◆ Activity ◆
Beginning with the line where "Casters - Donut-Equipment.com" appears, restate each line word for word until the data ends. Pictures do not go in.

◆ Supplied material ◆

◆ ◆ ◆ ◆ ◆

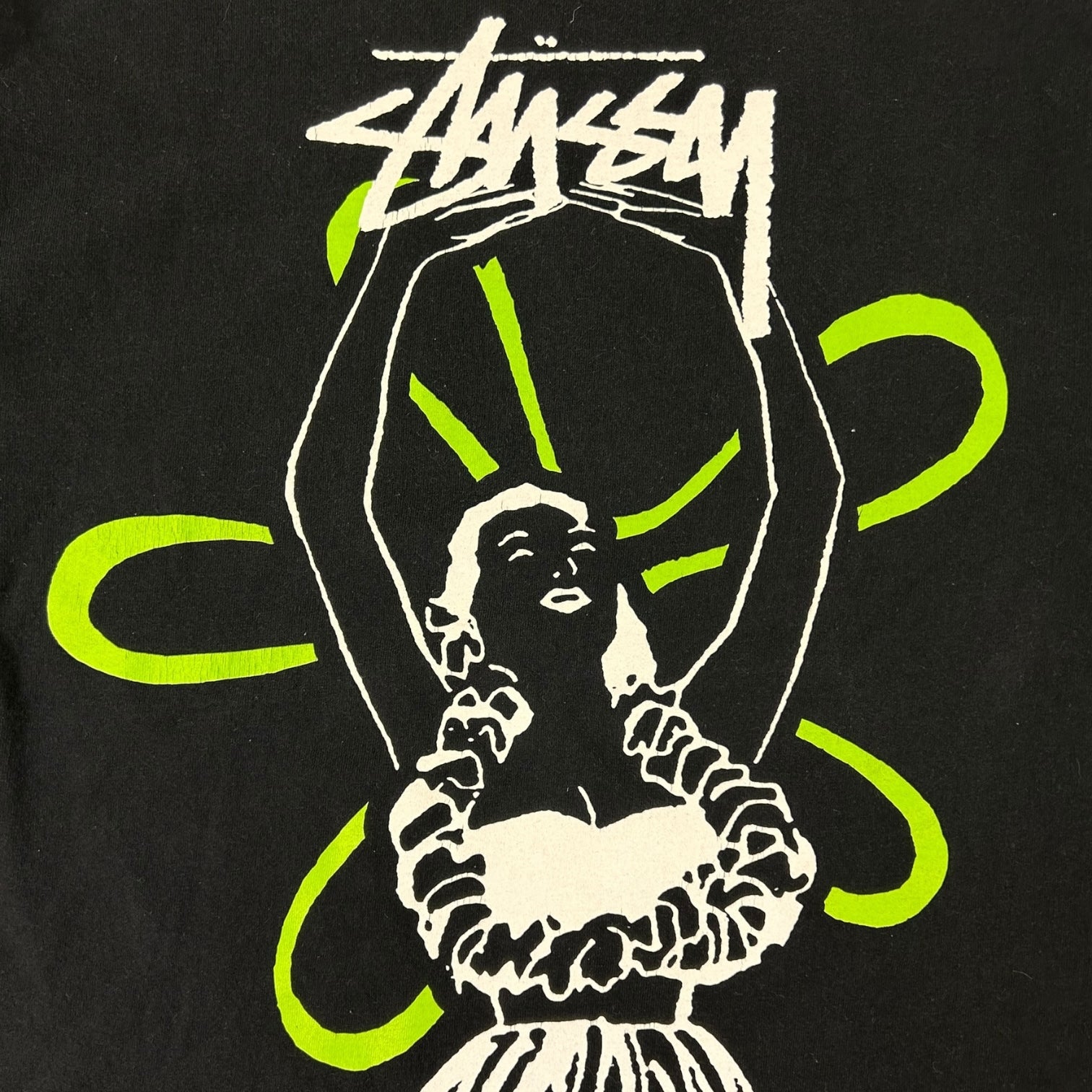 Vintage Stussy Aloha Graphic T-Shirt Black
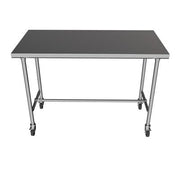 BK Resources 72" x 30" 16 Gauge Stainless Steel Pub Table with H-Brace & Foot Rest – Heavy-Duty • Mobile on Casters - Donut-Equipment.com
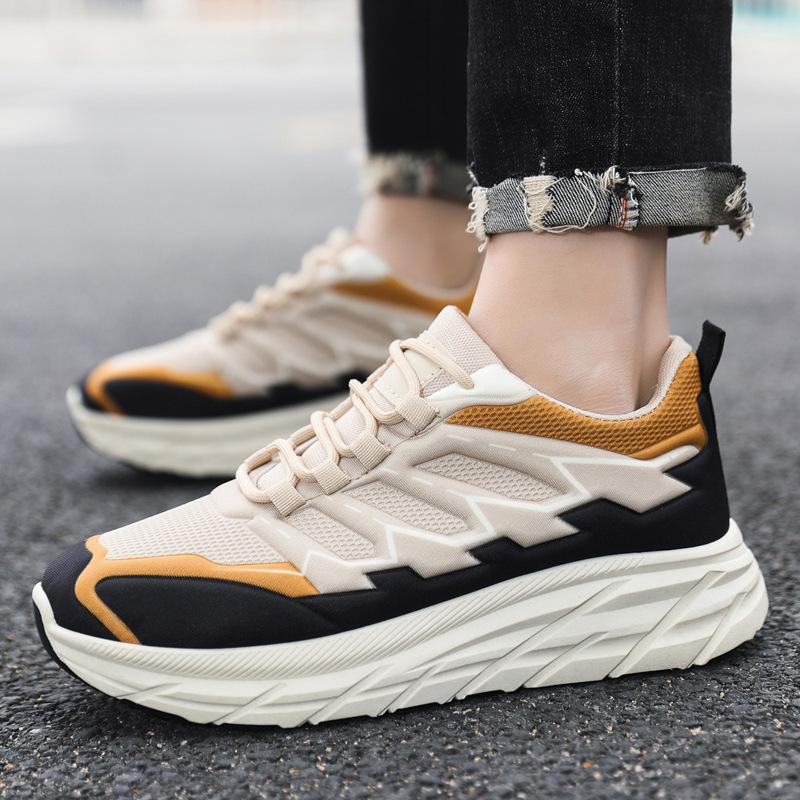 Fashion Spring and Autumn New Breathable Men's Shoes Thick Bottom Anti Slip Wear Resistant Running Sports and Leisure Shoes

◆ ◆ ◆ ◆ ◆

◆ Response ◆
 BK Resources 72" x 30" 16 Gauge Stainless Steel Pub Table with H-Brace & Foot Rest – Heavy-Duty • Mobile on Casters - Donut-Equipment.com
 Fashion Spring and Autumn New Breathable Men's Shoes Thick Bottom Anti Slip Wear Resistant Running Sports and Leisure Shoes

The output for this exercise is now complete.